-- Material provided follows --
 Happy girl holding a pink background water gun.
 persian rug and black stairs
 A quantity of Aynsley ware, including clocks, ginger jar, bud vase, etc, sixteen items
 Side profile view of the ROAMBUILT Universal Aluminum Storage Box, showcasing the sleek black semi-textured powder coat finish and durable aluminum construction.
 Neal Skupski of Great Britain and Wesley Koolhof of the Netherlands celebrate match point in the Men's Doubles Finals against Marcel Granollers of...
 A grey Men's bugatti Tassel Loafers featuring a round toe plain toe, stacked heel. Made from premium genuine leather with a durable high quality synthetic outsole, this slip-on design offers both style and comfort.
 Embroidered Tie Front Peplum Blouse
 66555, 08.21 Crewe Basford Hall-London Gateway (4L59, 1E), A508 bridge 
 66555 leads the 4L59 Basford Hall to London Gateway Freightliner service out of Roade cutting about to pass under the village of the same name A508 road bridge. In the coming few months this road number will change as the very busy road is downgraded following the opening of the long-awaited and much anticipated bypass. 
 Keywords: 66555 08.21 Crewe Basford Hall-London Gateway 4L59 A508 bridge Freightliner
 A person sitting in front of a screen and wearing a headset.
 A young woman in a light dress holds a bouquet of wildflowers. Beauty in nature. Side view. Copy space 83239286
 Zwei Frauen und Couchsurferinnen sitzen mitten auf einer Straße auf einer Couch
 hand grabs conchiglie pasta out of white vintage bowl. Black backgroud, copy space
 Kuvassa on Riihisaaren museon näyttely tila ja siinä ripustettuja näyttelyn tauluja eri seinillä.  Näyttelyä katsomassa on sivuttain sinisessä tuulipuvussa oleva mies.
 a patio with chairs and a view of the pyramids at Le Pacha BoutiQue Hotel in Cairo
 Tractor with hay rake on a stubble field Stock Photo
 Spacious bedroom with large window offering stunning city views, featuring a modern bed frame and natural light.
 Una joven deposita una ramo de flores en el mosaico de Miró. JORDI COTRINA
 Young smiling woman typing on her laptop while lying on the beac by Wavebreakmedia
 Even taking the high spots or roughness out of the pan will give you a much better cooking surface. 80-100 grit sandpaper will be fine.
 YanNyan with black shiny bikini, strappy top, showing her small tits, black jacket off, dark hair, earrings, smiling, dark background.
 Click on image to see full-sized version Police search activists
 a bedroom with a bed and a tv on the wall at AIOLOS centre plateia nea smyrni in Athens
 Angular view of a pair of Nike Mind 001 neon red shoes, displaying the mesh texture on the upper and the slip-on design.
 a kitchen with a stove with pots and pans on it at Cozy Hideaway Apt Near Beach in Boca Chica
-- Material provided concluded --
> _Activity_: Pull out every line in the material above where "space" occurs.

> _Your response_:
 A young woman in a light dress holds a bouquet of wildflowers. Beauty in nature. Side view. Copy space 83239286
 hand grabs conchiglie pasta out of white vintage bowl. Black backgroud, copy space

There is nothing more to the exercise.